Hi!
On Fri, Aug 29, 2025 at 4:30 PM Uschakow, Stanislav suschako@amazon.de wrote:
We have observed a huge latency increase using `fork()` after ingesting the CVE-2025-38085 fix which leads to the commit `1013af4f585f: mm/hugetlb: fix huge_pmd_unshare() vs GUP-fast race`. On large machines with 1.5TB of memory with 196 cores, we identified mmapping of 1.2TB of shared memory and forking itself dozens or hundreds of times we see a increase of execution times of a factor of 4. The reproducer is at the end of the email.
Yeah, every 1G virtual address range you unshare on unmap will do an extra synchronous IPI broadcast to all CPU cores, so it's not very surprising that doing this would be a bit slow on a machine with 196 cores.

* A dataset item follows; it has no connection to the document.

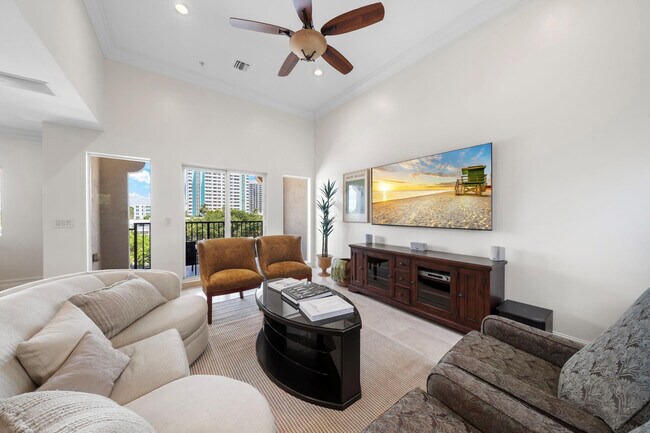 Building Photo - 514 N Birch Rd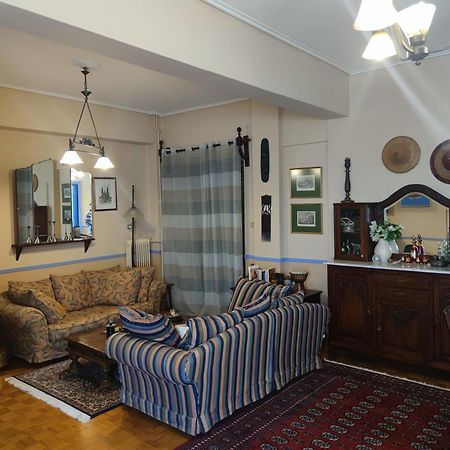 Classic Apartment In קלמאטה מראה חיצוני תמונה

My observation/assumption is:
each child touches 100 random pages and despawns on each despawn `huge_pmd_unshare()` is called each call to `huge_pmd_unshare()` syncrhonizes all threads using `tlb_remove_table_sync_one()` leading to the regression
Yeah, makes sense that that'd be slow.
There are probably several ways this could be optimized - like maybe changing tlb_remove_table_sync_one() to rely on the MM's cpumask (though that would require thinking about whether this interacts with remote MM access somehow), or batching the refcount drops for hugetlb shared page tables through something like struct mmu_gather, or doing something special for the unmap path, or changing the semantics of hugetlb page tables such that they can never turn into normal page tables again. However, I'm not planning to work on optimizing this.